Work request:
The answer must be the full data, restated word for word, with no pictures in it.

Material provided:
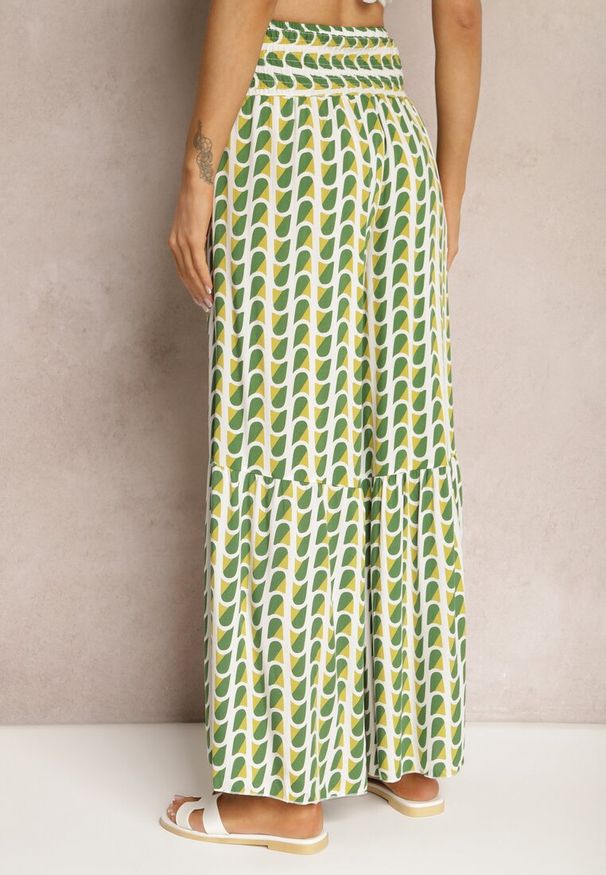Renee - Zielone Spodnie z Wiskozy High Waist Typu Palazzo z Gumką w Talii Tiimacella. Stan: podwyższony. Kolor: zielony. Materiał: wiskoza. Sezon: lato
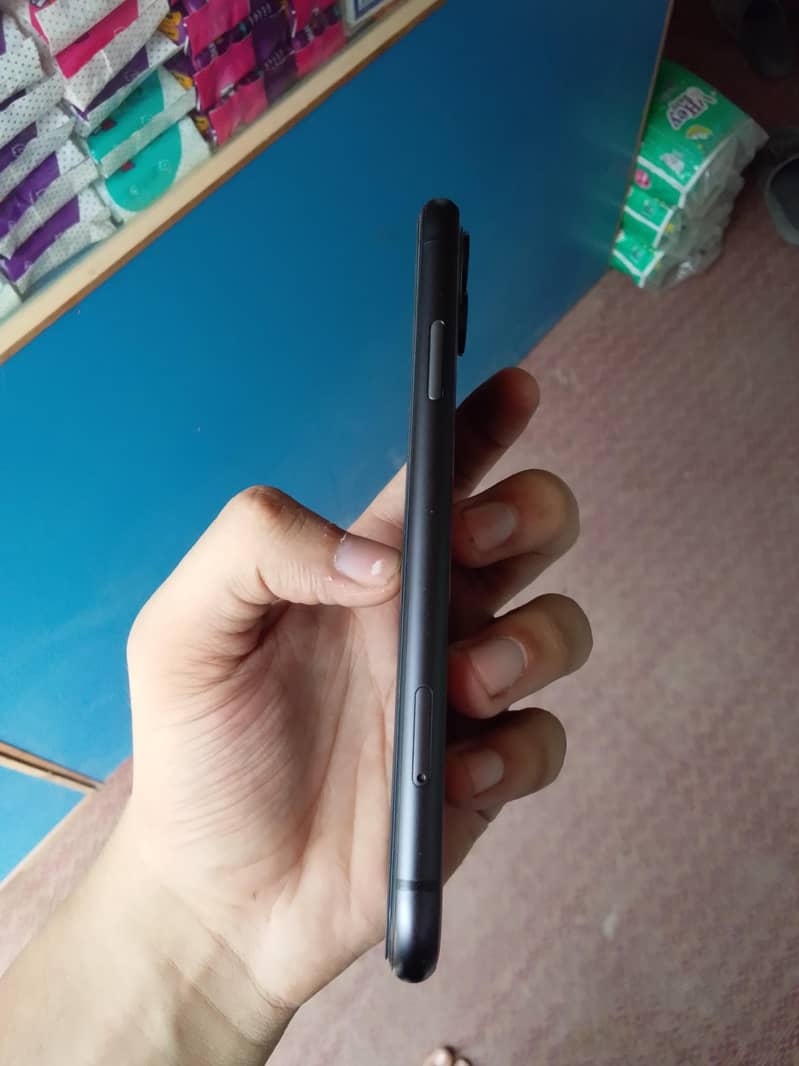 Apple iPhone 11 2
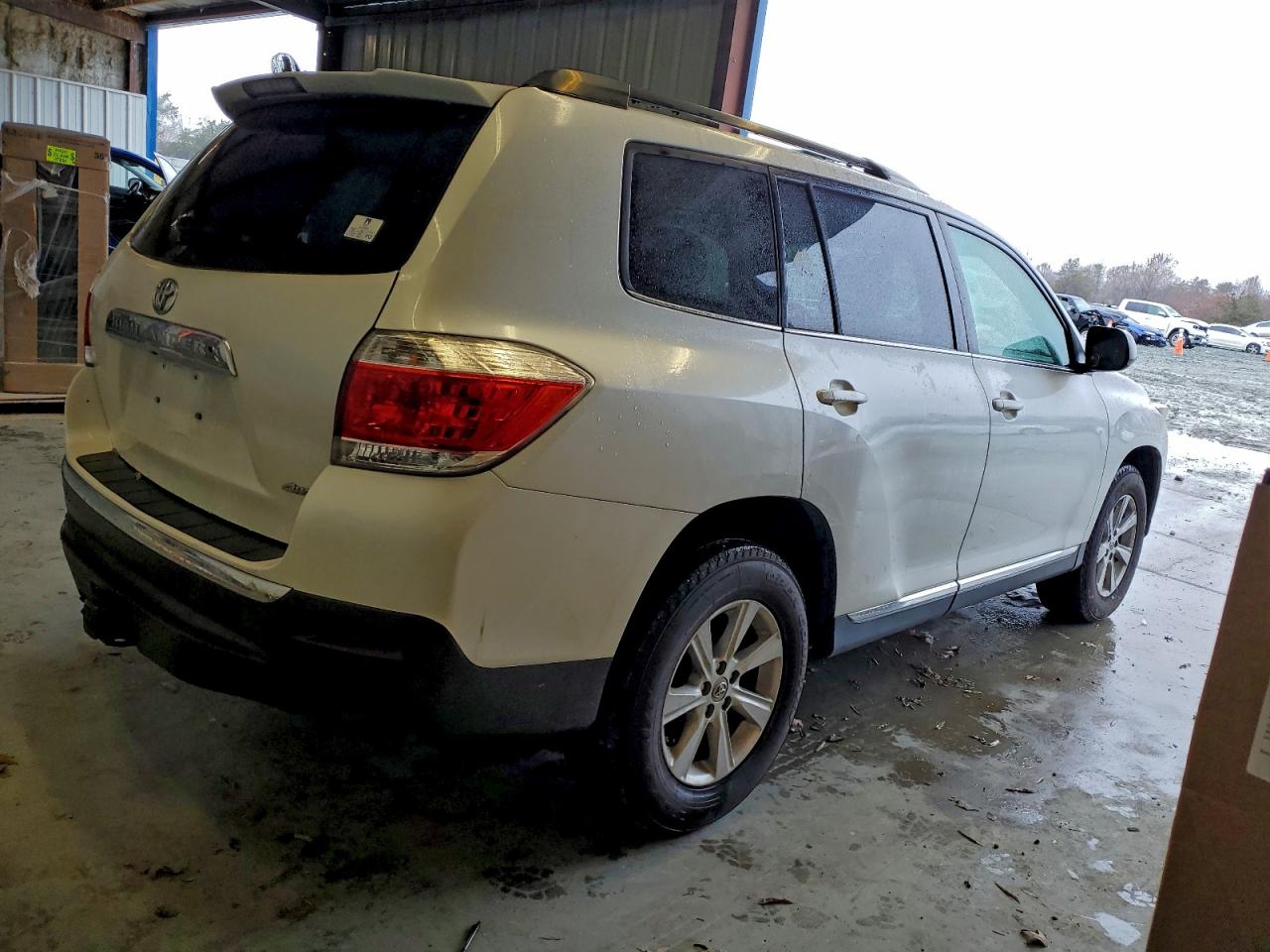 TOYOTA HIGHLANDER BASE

Solution to the exercise:
Renee - Zielone Spodnie z Wiskozy High Waist Typu Palazzo z Gumką w Talii Tiimacella. Stan: podwyższony. Kolor: zielony. Materiał: wiskoza. Sezon: lato
 Apple iPhone 11 2
 TOYOTA HIGHLANDER BASE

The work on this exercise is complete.